(DATA EXTRACTS begins)

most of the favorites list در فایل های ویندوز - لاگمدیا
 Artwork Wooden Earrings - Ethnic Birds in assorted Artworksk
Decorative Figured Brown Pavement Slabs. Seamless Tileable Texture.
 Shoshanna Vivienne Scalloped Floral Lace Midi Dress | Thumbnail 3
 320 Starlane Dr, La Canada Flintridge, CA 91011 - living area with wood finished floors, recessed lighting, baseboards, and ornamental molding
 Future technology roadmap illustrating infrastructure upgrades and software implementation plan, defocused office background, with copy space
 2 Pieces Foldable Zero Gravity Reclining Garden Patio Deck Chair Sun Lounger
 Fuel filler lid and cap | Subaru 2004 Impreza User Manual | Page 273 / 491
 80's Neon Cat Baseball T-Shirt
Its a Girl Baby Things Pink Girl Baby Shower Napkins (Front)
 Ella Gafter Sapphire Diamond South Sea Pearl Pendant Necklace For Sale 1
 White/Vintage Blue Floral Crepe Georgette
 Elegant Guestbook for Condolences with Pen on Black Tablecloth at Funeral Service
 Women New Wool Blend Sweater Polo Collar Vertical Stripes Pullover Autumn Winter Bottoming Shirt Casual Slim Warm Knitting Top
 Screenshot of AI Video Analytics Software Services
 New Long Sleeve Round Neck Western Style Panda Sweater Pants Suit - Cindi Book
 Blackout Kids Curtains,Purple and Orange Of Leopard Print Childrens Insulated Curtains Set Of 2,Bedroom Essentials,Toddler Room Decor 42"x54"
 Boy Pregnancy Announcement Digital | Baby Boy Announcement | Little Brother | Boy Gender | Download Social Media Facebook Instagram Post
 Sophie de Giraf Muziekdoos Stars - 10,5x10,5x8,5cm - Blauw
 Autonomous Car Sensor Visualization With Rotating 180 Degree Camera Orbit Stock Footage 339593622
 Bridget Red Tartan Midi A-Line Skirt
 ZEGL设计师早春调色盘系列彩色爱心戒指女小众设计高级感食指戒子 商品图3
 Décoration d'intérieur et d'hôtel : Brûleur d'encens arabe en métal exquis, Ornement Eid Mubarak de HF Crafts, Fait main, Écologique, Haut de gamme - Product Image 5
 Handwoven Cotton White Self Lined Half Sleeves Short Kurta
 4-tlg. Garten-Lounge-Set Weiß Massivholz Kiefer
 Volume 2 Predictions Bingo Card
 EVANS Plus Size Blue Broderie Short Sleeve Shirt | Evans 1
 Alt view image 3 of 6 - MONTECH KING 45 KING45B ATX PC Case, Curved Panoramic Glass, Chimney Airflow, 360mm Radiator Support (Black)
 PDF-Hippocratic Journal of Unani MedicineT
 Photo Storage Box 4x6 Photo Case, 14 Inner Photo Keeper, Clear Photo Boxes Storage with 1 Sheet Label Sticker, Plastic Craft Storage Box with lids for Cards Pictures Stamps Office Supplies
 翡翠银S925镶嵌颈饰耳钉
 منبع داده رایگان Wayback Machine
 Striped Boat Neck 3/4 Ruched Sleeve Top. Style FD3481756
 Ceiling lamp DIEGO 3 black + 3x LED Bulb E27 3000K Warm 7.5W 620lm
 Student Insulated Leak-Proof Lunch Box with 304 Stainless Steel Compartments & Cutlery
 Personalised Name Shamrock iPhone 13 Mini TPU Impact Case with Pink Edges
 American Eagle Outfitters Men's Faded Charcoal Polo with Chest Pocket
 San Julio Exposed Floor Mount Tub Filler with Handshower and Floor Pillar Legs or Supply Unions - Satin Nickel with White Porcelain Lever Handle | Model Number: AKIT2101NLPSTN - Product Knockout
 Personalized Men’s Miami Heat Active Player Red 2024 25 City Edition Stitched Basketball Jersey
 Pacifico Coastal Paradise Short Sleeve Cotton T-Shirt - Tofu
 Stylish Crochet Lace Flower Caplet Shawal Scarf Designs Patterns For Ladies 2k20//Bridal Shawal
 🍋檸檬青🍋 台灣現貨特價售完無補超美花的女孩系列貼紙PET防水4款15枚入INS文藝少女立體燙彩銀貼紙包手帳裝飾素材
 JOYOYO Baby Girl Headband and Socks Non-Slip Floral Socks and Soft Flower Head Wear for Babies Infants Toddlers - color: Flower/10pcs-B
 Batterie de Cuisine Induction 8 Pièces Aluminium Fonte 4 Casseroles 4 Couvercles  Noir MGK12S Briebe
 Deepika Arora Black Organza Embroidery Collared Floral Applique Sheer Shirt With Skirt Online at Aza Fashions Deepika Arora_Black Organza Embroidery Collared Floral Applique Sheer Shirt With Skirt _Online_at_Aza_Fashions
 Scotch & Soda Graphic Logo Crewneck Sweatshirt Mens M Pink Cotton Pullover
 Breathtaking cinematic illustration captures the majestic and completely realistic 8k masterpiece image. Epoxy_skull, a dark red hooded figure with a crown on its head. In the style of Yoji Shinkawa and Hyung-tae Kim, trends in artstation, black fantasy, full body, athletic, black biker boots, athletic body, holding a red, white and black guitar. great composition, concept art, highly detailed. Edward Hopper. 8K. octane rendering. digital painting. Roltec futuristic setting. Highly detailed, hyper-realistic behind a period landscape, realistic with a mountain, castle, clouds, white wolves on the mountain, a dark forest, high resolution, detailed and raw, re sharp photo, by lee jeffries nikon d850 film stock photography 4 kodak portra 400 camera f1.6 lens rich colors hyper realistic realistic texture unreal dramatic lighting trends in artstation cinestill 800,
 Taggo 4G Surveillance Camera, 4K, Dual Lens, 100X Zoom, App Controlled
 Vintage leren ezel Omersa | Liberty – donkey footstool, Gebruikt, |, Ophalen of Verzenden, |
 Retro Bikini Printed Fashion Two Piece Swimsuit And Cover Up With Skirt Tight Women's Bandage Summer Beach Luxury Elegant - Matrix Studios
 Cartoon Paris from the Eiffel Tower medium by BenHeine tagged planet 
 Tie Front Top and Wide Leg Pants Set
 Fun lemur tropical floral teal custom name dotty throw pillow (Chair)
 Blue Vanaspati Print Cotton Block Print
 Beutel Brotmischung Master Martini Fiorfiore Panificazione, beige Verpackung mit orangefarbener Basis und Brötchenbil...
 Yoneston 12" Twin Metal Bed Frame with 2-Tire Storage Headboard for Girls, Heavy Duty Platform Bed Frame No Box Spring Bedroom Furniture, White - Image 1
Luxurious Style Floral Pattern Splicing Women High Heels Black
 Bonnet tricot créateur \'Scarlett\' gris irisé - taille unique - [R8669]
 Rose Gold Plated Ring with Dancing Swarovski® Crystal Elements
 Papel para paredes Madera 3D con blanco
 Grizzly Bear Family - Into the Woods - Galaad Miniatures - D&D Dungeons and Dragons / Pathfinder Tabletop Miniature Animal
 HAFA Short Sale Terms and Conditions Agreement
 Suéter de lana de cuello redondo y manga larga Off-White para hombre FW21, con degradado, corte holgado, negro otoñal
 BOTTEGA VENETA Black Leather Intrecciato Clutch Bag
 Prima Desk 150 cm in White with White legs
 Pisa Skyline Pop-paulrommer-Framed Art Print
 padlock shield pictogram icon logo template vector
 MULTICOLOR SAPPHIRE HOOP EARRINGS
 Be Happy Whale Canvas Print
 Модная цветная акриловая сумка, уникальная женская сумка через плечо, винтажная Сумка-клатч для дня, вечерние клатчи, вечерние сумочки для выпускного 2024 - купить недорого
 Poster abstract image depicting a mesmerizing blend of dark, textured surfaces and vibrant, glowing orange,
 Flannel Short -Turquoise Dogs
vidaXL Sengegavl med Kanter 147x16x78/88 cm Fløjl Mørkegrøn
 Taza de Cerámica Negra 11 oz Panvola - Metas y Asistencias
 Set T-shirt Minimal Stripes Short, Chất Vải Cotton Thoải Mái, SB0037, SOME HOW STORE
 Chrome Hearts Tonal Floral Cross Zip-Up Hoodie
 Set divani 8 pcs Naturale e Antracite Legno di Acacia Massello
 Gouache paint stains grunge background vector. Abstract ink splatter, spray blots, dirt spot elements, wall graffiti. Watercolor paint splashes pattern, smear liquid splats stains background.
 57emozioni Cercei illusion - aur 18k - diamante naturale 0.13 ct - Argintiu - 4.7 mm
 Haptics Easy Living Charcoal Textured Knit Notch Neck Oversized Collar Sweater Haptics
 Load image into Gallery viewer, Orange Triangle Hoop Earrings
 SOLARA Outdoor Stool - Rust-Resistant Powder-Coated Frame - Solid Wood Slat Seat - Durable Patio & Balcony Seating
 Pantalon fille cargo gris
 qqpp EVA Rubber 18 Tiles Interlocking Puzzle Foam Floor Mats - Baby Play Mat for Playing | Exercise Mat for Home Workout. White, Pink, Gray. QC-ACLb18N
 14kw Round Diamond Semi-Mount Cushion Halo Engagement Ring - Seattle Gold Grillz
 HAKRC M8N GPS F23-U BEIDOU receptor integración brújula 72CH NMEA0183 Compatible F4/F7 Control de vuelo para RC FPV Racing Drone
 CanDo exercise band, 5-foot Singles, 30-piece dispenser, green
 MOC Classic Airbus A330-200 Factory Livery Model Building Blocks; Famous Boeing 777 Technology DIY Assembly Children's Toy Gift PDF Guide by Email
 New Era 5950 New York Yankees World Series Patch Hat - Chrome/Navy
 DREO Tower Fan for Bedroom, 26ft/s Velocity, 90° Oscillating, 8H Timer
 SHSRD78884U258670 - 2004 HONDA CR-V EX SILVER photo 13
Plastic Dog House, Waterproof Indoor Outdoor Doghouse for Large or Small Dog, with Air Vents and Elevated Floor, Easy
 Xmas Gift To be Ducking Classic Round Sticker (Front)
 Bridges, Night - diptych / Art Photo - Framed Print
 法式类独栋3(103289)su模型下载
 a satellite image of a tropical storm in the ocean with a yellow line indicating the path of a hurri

(DATA EXTRACTS ends)

Your answer should be exactly the lines of the data above, from the first through the line containing "Women New Wool".

> [EXERCISE SOLUTION]:
most of the favorites list در فایل های ویندوز - لاگمدیا
 Artwork Wooden Earrings - Ethnic Birds in assorted Artworksk
Decorative Figured Brown Pavement Slabs. Seamless Tileable Texture.
 Shoshanna Vivienne Scalloped Floral Lace Midi Dress | Thumbnail 3
 320 Starlane Dr, La Canada Flintridge, CA 91011 - living area with wood finished floors, recessed lighting, baseboards, and ornamental molding
 Future technology roadmap illustrating infrastructure upgrades and software implementation plan, defocused office background, with copy space
 2 Pieces Foldable Zero Gravity Reclining Garden Patio Deck Chair Sun Lounger
 Fuel filler lid and cap | Subaru 2004 Impreza User Manual | Page 273 / 491
 80's Neon Cat Baseball T-Shirt
Its a Girl Baby Things Pink Girl Baby Shower Napkins (Front)
 Ella Gafter Sapphire Diamond South Sea Pearl Pendant Necklace For Sale 1
 White/Vintage Blue Floral Crepe Georgette
 Elegant Guestbook for Condolences with Pen on Black Tablecloth at Funeral Service
 Women New Wool Blend Sweater Polo Collar Vertical Stripes Pullover Autumn Winter Bottoming Shirt Casual Slim Warm Knitting Top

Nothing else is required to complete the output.